Juillet 1973, Montreux, Suisse. Dans une salle pleine, surchauffée, prennent place McCoy Tyner déjà suant comme un bœuf conformément à son habitude, Joony Booth à la contrebasse, Alphonse Mouzon à la batterie et le splendide Azar Lawrence au tenor sax pour fermer la marche : silence ! l’histoire va s’écrire…
Un peu plus de soixante minutes de modal lorgnant sur le free jazz le plus abouti, porté par un McCoy à la technicité démente et à la complexité rythmique ébouriffante… Le genre de disque à vous dégoûter de la musique pendant quelques jours une fois la première écoute terminée.
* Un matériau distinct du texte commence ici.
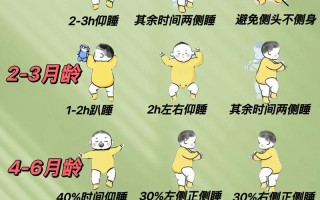 新生儿刚出生到底该怎么睡？仰卧、侧卧还是趴着？安全又舒服的睡姿到底是什么？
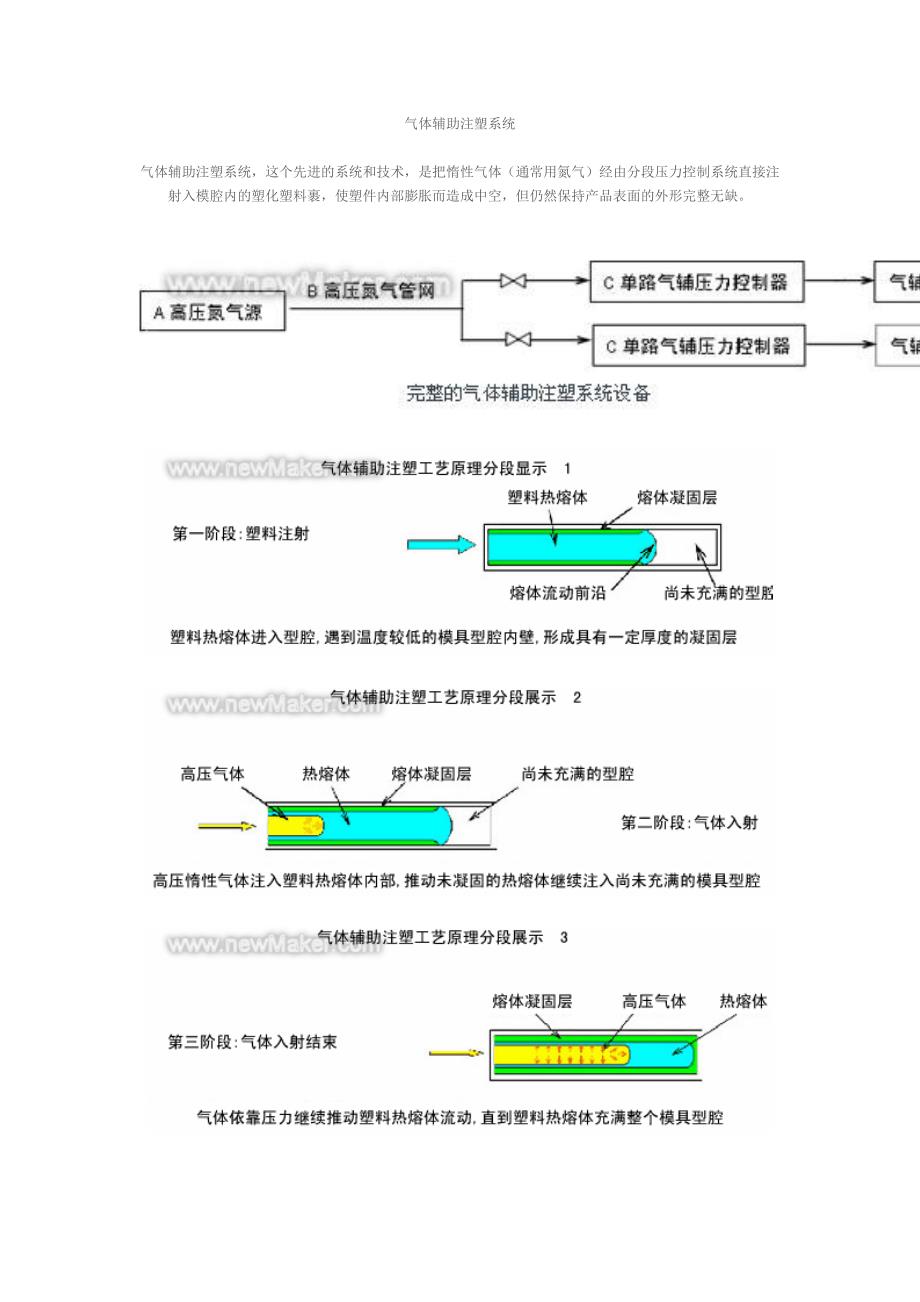 气体辅助注塑系统.doc_第1页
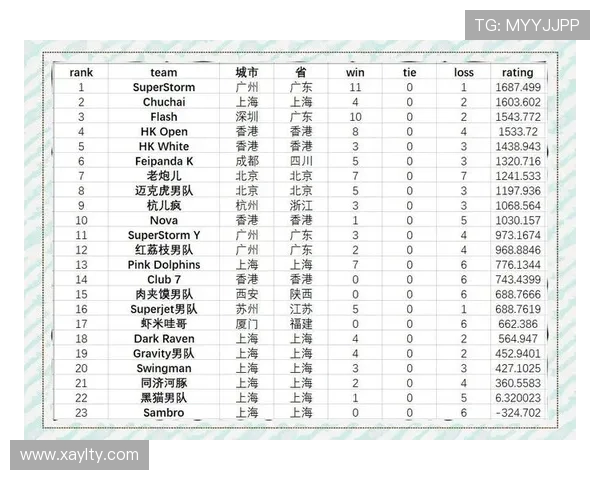 极限运动联赛最新积分榜北京飞盘队以56分稳居第一名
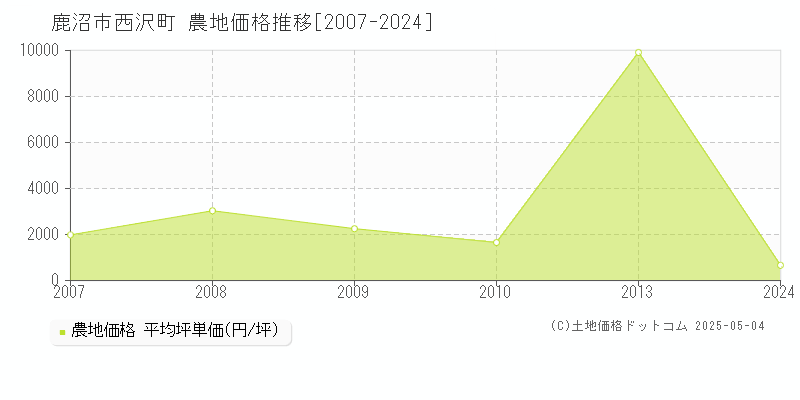 鹿沼市西沢町の農地価格推移グラフ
Pur, sec, taurin, le style de frappe inimitable du pianiste se sait et se veut démiurgique, fatal, incontrôlable, lancé dans une furieuse course contre sa propre intelligence.
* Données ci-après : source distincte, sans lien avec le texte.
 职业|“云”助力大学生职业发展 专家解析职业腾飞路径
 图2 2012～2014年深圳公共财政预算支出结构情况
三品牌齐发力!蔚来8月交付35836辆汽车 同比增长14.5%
Des trois mouvements de l’Enlightenment Suite, aux colorations d’une exceptionnelle densité, jusqu’aux derniers tampons ignés délivrés au clavier durant Walk Spirit, Talk Spirit (foncièrement plus orienté vers le spiritual), le quatuor déboîte tout sur son passage et emporte avec lui, sans abstention aucune, l’adhésion d’une salle transie. Finalement Tyner s’essuie le visage du bout de sa manche – exténué ou en extase – et se lève, déjà légende, acclamé on ne sait combien de fois.